_AIM OF THE TASK_
Each line shown below should be copied exactly.

Collection entries:
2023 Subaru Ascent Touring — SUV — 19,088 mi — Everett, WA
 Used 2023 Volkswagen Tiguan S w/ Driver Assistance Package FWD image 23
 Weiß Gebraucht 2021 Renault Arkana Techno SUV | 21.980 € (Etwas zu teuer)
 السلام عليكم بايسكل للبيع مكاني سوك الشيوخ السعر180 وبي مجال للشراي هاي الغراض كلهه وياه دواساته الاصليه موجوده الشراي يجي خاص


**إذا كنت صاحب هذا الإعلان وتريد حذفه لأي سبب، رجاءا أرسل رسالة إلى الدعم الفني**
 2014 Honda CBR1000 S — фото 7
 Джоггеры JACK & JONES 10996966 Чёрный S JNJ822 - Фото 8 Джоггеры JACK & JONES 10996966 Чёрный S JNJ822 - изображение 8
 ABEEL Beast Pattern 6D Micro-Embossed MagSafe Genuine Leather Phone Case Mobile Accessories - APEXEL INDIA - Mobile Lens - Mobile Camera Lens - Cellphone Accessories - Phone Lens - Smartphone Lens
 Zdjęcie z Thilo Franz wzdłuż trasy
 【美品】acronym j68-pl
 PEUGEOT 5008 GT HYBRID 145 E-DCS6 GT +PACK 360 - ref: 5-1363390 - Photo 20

_ANSWER BELOW_
2023 Subaru Ascent Touring — SUV — 19,088 mi — Everett, WA
 Used 2023 Volkswagen Tiguan S w/ Driver Assistance Package FWD image 23
 Weiß Gebraucht 2021 Renault Arkana Techno SUV | 21.980 € (Etwas zu teuer)
 السلام عليكم بايسكل للبيع مكاني سوك الشيوخ السعر180 وبي مجال للشراي هاي الغراض كلهه وياه دواساته الاصليه موجوده الشراي يجي خاص


**إذا كنت صاحب هذا الإعلان وتريد حذفه لأي سبب، رجاءا أرسل رسالة إلى الدعم الفني**
 2014 Honda CBR1000 S — фото 7
 Джоггеры JACK & JONES 10996966 Чёрный S JNJ822 - Фото 8 Джоггеры JACK & JONES 10996966 Чёрный S JNJ822 - изображение 8
 ABEEL Beast Pattern 6D Micro-Embossed MagSafe Genuine Leather Phone Case Mobile Accessories - APEXEL INDIA - Mobile Lens - Mobile Camera Lens - Cellphone Accessories - Phone Lens - Smartphone Lens
 Zdjęcie z Thilo Franz wzdłuż trasy
 【美品】acronym j68-pl
 PEUGEOT 5008 GT HYBRID 145 E-DCS6 GT +PACK 360 - ref: 5-1363390 - Photo 20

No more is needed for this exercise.